Saint Anthony the Great in the Hymnography of the Orthodox Church


By Fr. George Dorbarakis

Saint Athanasios the Great, that ecumenical Father and Teacher of our Church, who also wrote the Life of Saint Anthony — in reality an extended letter — says that it is “great profit for a person even to remember Anthony alone.” Saint Augustine, that great Saint of the Church, made the definitive decision to convert to the Christian faith and to be baptized, under the guidance of course of the Bishop of Milan, Saint Ambrose, when he studied the Life of Saint Anthony. The great ascetic of the Gerontikon, who asked God to reveal to him all the great saints of his time, saw his request fulfilled — except for Anthony. And when he asked the Lord why this had happened, he received the answer: “Anthony is very close to Me, and you cannot see him.” Therefore, when we speak about Saint Anthony, we are not speaking of a simple saint of the Church. His spiritual stature is exceedingly great, reaching even to those “borders” of the Trinitarian Godhead.

The Hymnography of our Church compares him to the Prophet Elijah and to Saint John the Baptist.
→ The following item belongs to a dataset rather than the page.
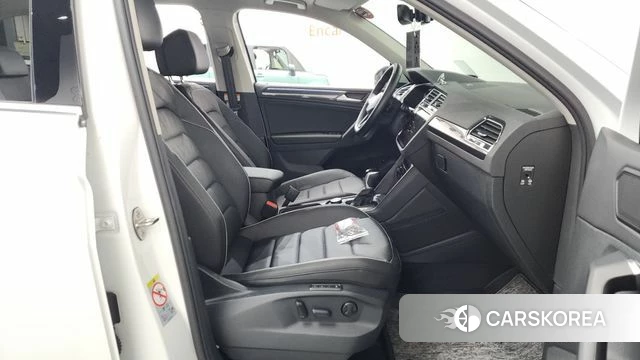 Volkswagen Tiguan second Generation 2023 Белый из Кореи, фото 2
Whatever Saint Anthony himself saw as a way of life in the earlier ascetic Saint Paul of Thebes (“a companion of Paul the Theban”), the same he struggled to practice. Saint Paul the Theban was a new Prophet Elijah and a new John the Forerunner; likewise also Saint Anthony. As his Apolytikion says: “Imitating the zealous Elijah in your ways, and following the straight paths of the Baptist, O Father Anthony.” Furthermore, the Church also likens him to Moses, calling him a “new Moses,” because “in the desert you set up the trophy against enemies and adversaries, leading the people.” It is therefore no surprise at the titles our Church bestows on him through her hymns: “Father of Fathers,” “luminary of luminaries,” “the glory of the inhabited world,” “an angel on earth and a man of God in heaven.”
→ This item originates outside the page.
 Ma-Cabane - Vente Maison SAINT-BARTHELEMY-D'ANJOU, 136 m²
The Holy Hymnographer, making — on the basis of the Saint’s life and with divine illumination — a spiritual “radiograph” of Anthony, focuses on his heart: it was a blazing furnace of love and eros, whose flame continually rose to the utmost of what can be desired, to the highest summit of love — God Himself. “Divinely-inspired eros set you aflame and gave wings to your soul to desire the true summit of love” (that is, God Himself). This love was the driving force that enabled him to break free from all the attractions of this deceitful present world and then, through intense asceticism and stillness, to grow in this love of God, to be fully united with Him, and to be filled with all the good things that God knows how to give — not something of Himself, but His very Self. “Then you despised flesh and blood and fled the world, being united to Him through great asceticism and stillness; therefore you were filled, as you sought, with the good things from above, and you shone like a star, illuminating our souls, O Anthony.”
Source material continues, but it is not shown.